Which in part explains my love of country, a genre as ruthlessly committed to tear-jerking as 19th-century parlor song. Actually, what I admire most about mainstream country—besides the tough, lean sound, the booming kick drums, and guitars ablazing—are the life-sized stories, songs steeped in the enchantments, sorrows, and little details of the workaday. It’s a kind of humanism lacking in mainstream hip-hop, to say nothing of indie rock, with its suffocating poses and whimsies. For certain, Nashville’s small-town “realism” is way sentimental—I have a taste for that cornpone, too. But one of my favorites this year was Lori McKenna’s Unglamorous, a militantly unromanticized look at marriage and motherhood that snuck into the top 20 on the country charts. (McKenna was also one of the year’s feel-good stories: a stay-at-home mother of five from Stoughton, Mass., who at the unlikely age of 38 put out her major label debut—with a helping hand from Faith Hill and Oprah.)

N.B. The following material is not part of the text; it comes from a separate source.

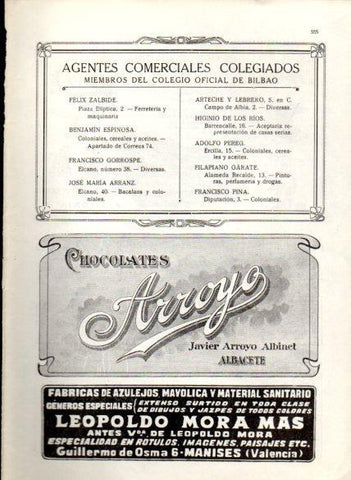 LAMINA V22666: Publicidad chocolates Arroyo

Then there’s comedy, in general woefully undervalued in pop but not on Music Row. The best country songwriters, like the best rappers, are dedicated to the art of the punch line, and I heard some good ones this year from Toby Keith (struggling with romance across class lines: “A high-maintenance woman/ Don’t want no maintenance man“) and Blake Shelton (whose logic was unimpeachable: “The more I drink, the more I drink“). Nashville’s biggest cutup is Brad Paisley, whose 5th Gear has kept me chuckling all the way through, whether Paisley was delivering the jokes himself or playing straight man to his guitar. And the laughs and pathos commingle in songs like “Letter to Me,” a soppy ballad packed with jokes; and “All I Wanted Was a Car,” which begins as a trifle about a teenager’s first set of wheels, but in a touching final-verse U-turn, circles back to home and hearth:

Now when I look outside, sittin’ in the drive
It blows my mind to see
An SUV and a sedan and two kids playing
I can’t believe they all belong to me
When I caught their momma’s eye in that old thing I used to drive
I never dreamed it would take me this far
All I wanted was a car

With 5th Gear, it was love at first listen. Kanye West’s Graduation was a grower. I was disappointed in the rhymes; as poetry, the songs don’t measure up to those on College Dropout or Late Registration. I’ve come to see Graduation mainly as a triumph of beats—although beats is hardly the right word to describe music so steeped in melody and beauty for beauty’s sake, like that long, lilting intro to “I Wonder.” I admire Kanye’s sense of adventure and his refusal—T-Pain’s presence aside—to fall in line with production trends. And if his lyrics are a bit slacker than previous, they still dig deeper than most everyone else’s. He continues to work the soul-tussle-between-God-and-mammon theme—listen to the first verse of “Can’t Tell Me Nothing“—an interior monologue that mirrors a larger existential crisis gripping hip-hop culture. And in the most competitive pop genre ever, has there ever been a more honest airing of approval-craving and anxiety of influence than “Big Brother,” West’s song about his relationship with Jay-Z?

Gotta wrap it up, so I’ll save my thoughts on Wayne and Wino and indie for Round 3. Let me end by saying that, like Ann, I’m fond of that Grinderman record, and I relate to her professional frustration: It’s often impossible to find a way to write about music that breaks no new ground, arrives with little buzz, and is simply plain old good. What’s the angle? To cite one funny example from 2007: I was pleased to see the single “Nod Your Head” on Bob’s list of faves. It’s just one of several fine songs on the latest release by a northern English singer-songwriter who over the last decade has quietly racked up a run of five excellent albums. His name’s McCartney, and he’s one to watch—the kid’s got a way with a tune and he plays a shit-hot bass.